• Material shown:
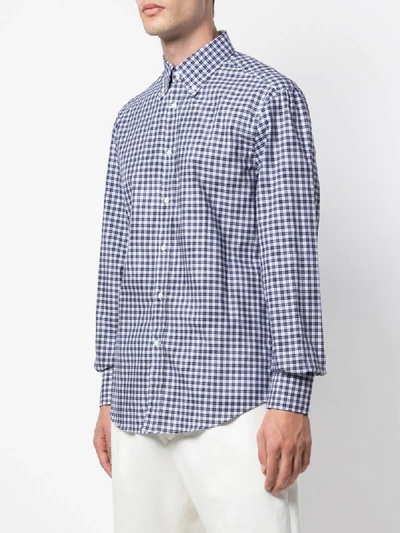 Shop Brunello Cucinelli Gingham Print Curved Hem Shirt In Blue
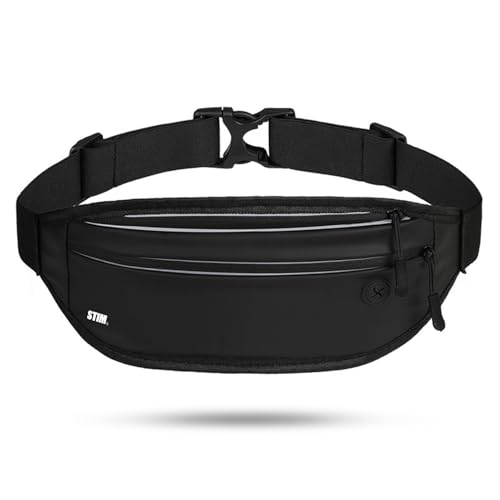 STIM Laufgürtel für Handy Herren Damen Reflektierende Lauf Gürtel bis zu 7,2" Schwarz Einheitsgröße von STIM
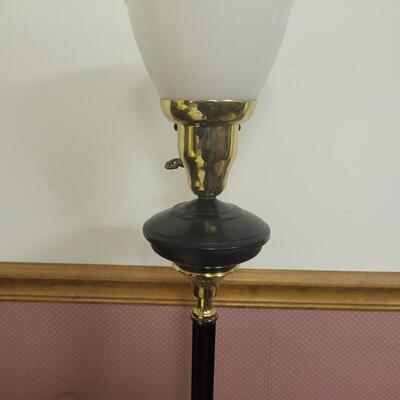 VINTAGE BLACK METAL FLOOR LAMP WITH REMOVABLE BLACK METAL SHADE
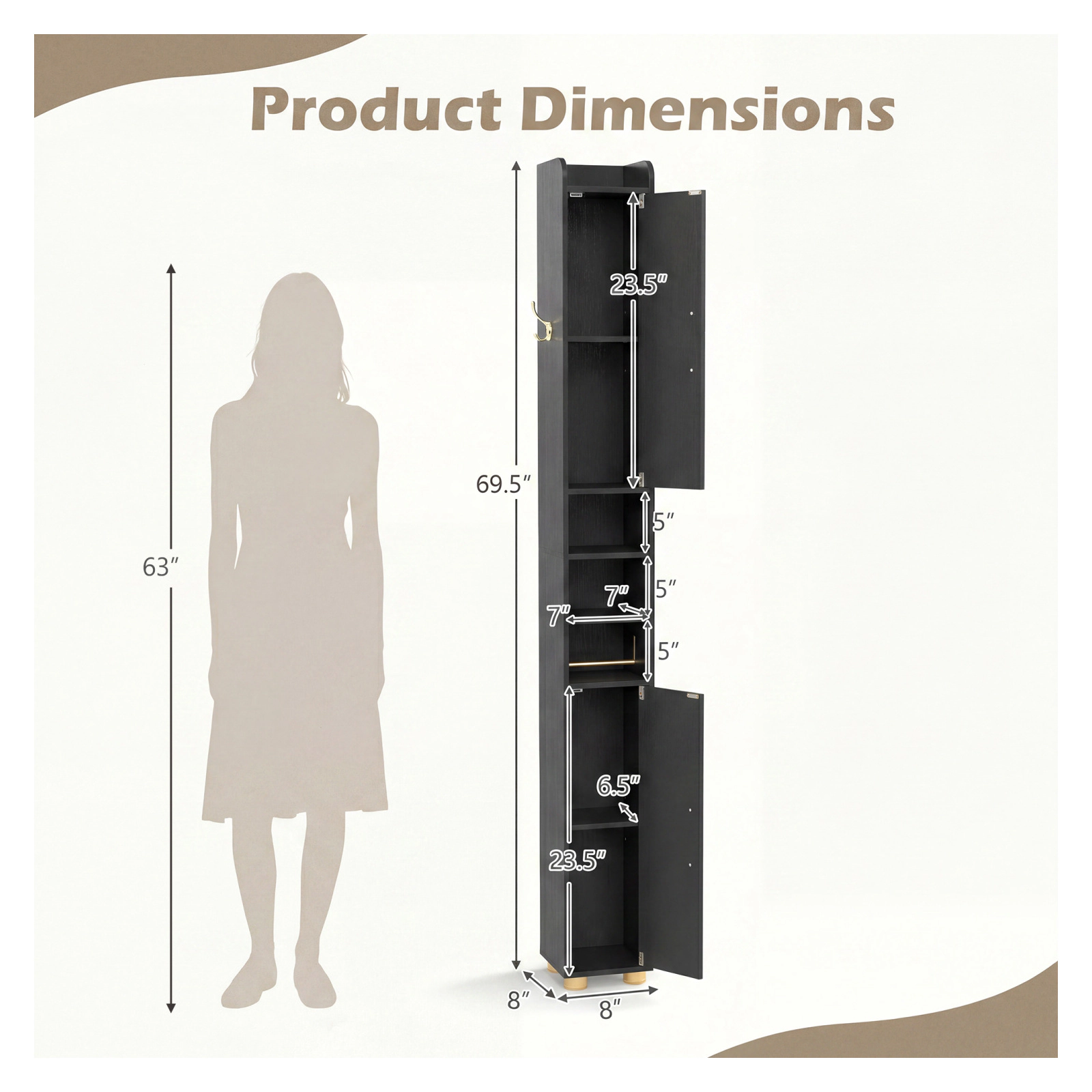 Glintex 69-Inch Narrow Bathroom Tower with Paper Holder Hook and Golden Handles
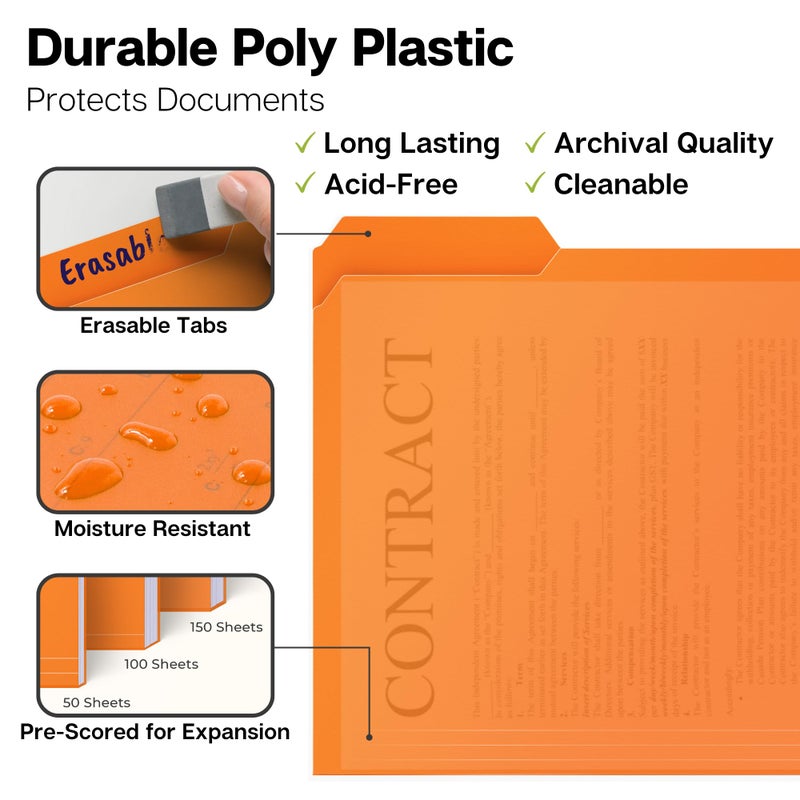 Dunwell Pastel Plastic File Folders - (6 Pack)  Sturdy 1/3 Tab File Folders Letter Size  Assorted Light Color Manila Folders 8.5 x 11  Poly File Folders for Documents  File Folders with Tabs  Labels - Image 4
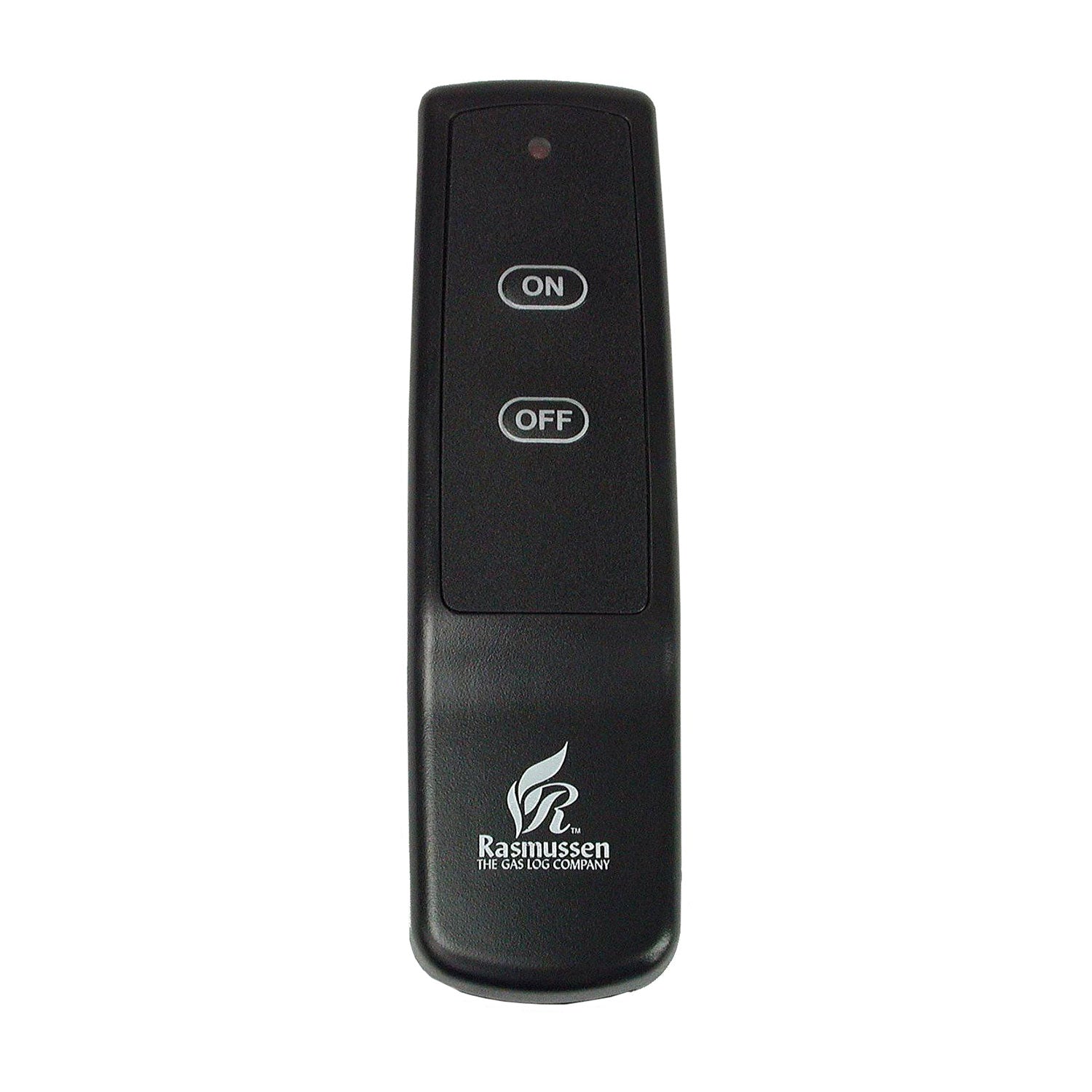 Wireless fireplace remote control, black with ON and OFF buttons and Rasmussen logo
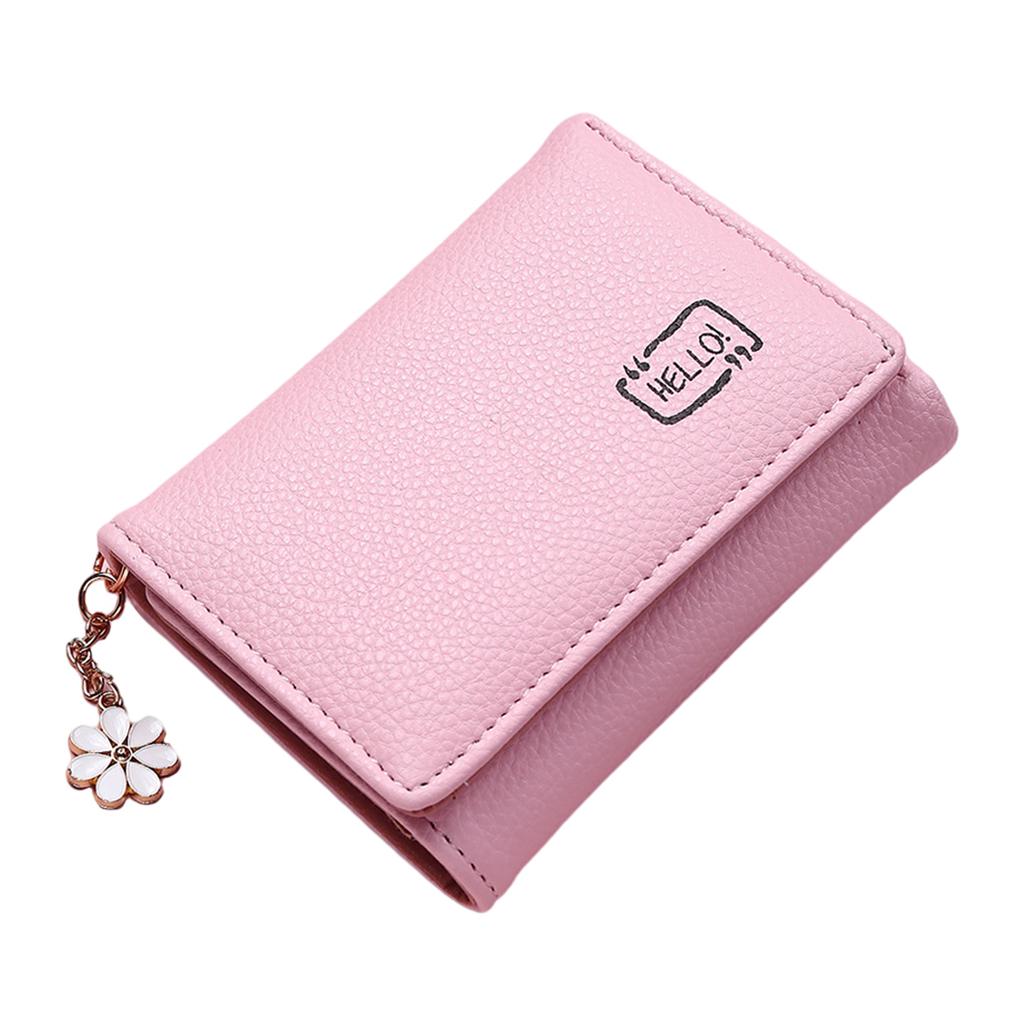 Women Wallet Mini Folding PU Leather Short with ID Window Coin Purse Pink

• Action item: Pictures do not belong in the copy. Repeat only the lines from the top of the records through the line containing "Glintex 69-Inch Narrow".

• Solution to the problem:
 Shop Brunello Cucinelli Gingham Print Curved Hem Shirt In Blue
 STIM Laufgürtel für Handy Herren Damen Reflektierende Lauf Gürtel bis zu 7,2" Schwarz Einheitsgröße von STIM
 VINTAGE BLACK METAL FLOOR LAMP WITH REMOVABLE BLACK METAL SHADE
 Glintex 69-Inch Narrow Bathroom Tower with Paper Holder Hook and Golden Handles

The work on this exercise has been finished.